Being a huge fan of Halloween, I think it is time to break down some of the scariest things about starting and operating a small business. Here are some of the fears of entrepreneurship and a killer strategy or two to deal with them.
• Fear of failure: Nobody likes to fail or to think about failure. But unfortunately it is something that we all do on a regular basis. It has been said fear can hold you prisoner. I have seen people afraid to take chances or make any movement due to the fear of failure. By identifying what is causing your fear, you have a much better chance to control your fear. In developing your idea, plan for what can go wrong or what you are afraid will happen. If you are aware of these terrible things when you develop your plan, should they occur, you have a much better chance for success.

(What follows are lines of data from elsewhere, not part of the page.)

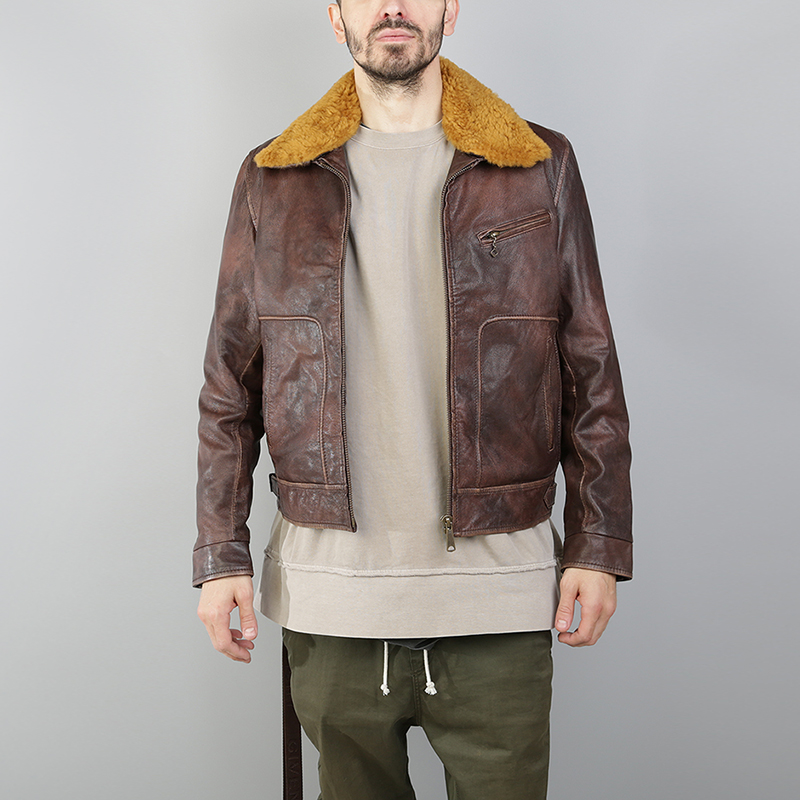 

Куртка Lee, Коричневый, Storm Jacket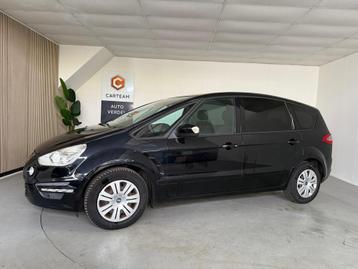 Ford S-Max 1.6 EcoBoost Trend Business 7p. Airco, Navigatie, beschikbaar voor biedingen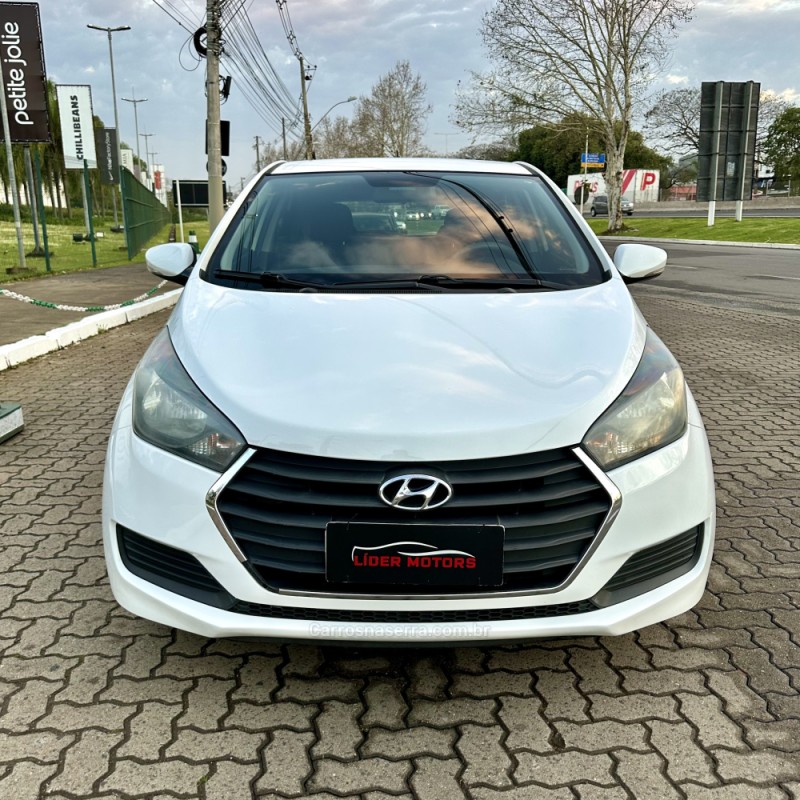 HB20 1.0 COMFORT 12V FLEX 4P MANUAL - 2016 - ESTâNCIA VELHA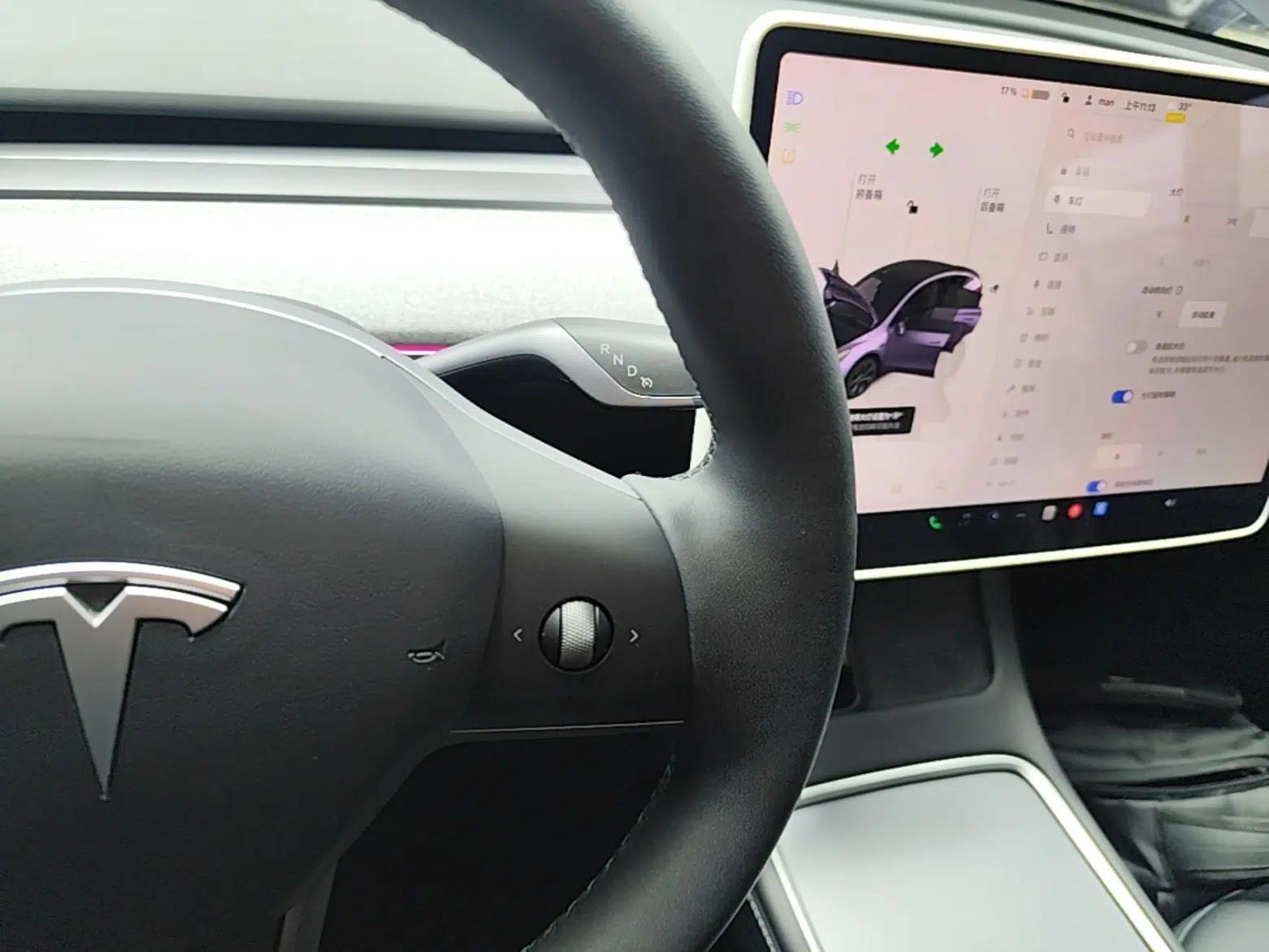 Tesla Model Y 2024 Rear-Wheel-Drive Version — миниатюра 21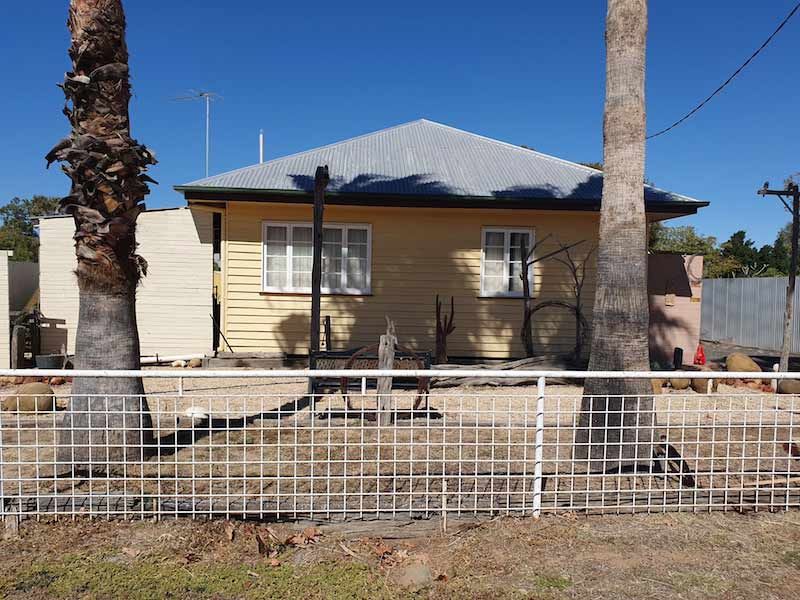 8 Rose St, Blackall QLD 4472 House For Sale Domain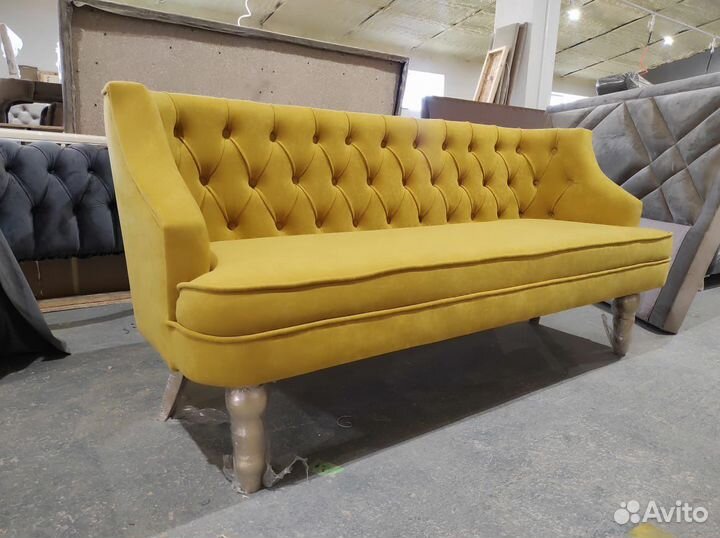 Диван банкетка
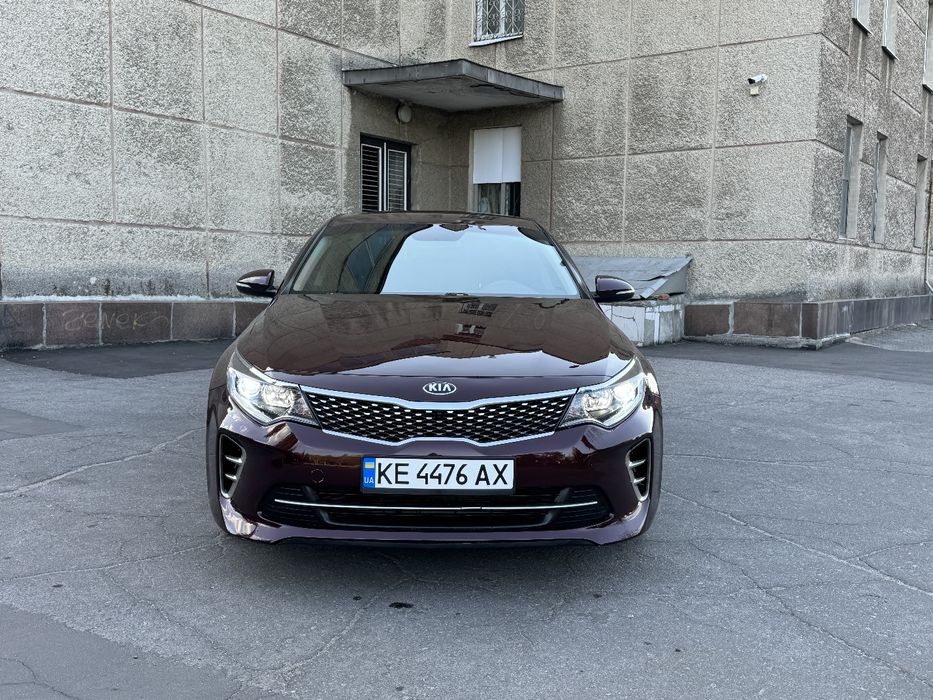 Продам Kia Optima 2016 года
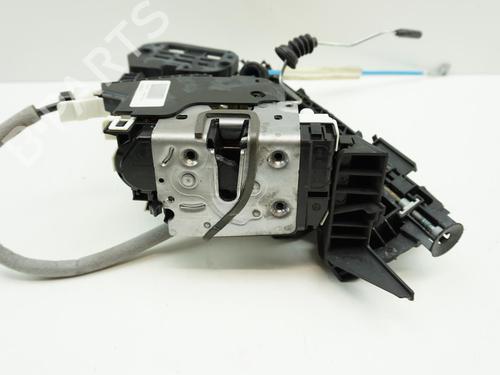 Rear right lock MERCEDES-BENZ A-CLASS (W176) A 200 CDI / d (176.008) | BP18192171C99 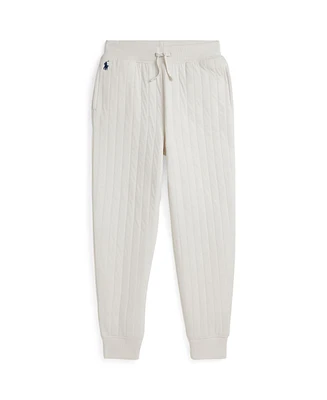 Polo Ralph Lauren Big Girls Quilted Jogger Pant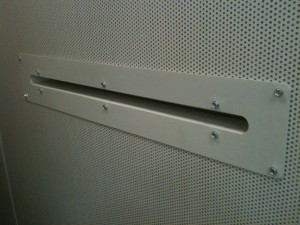 Acoustic Vent 300x225 Quietroom   34dB Soundproof Booths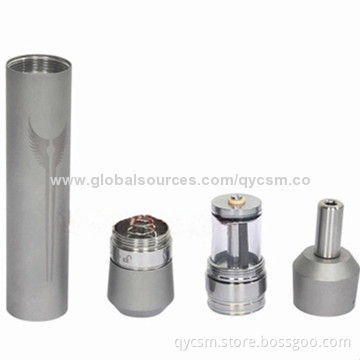 Hot Sell Electronic Cigarette Valkyrle Mod Kit, No Wire Solder, No Welding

• Afraid to take risks: People are naturally adverse to risk. If something seems risky or potentially harmful, our instinct is to turn and run the other way. By the way, if you find yourself in a horror movie, that is a great instinct to follow. I never did understand why people in those movies always stayed around. Risk in business is scary but usually can be dealt with through analysis. Calculated risk is something to consider. There is usually no reward without some form of risk. Try to reduce your risk or get comfortable with the level of risk you may experience.
• Ferocious competitors: Sometimes competitors or the idea of having to compete with others can be scary. A small retailer going up against a giant retailer or even a new product or service competing with a well-established one could be a real concern. Don’t be afraid to measure up what you are doing and what your competitors are doing. Don’t make yourself crazy in the process. Do your best to identify competitor’s strengths and weakness and do the same for your offerings. This can help to make you a stronger business owner.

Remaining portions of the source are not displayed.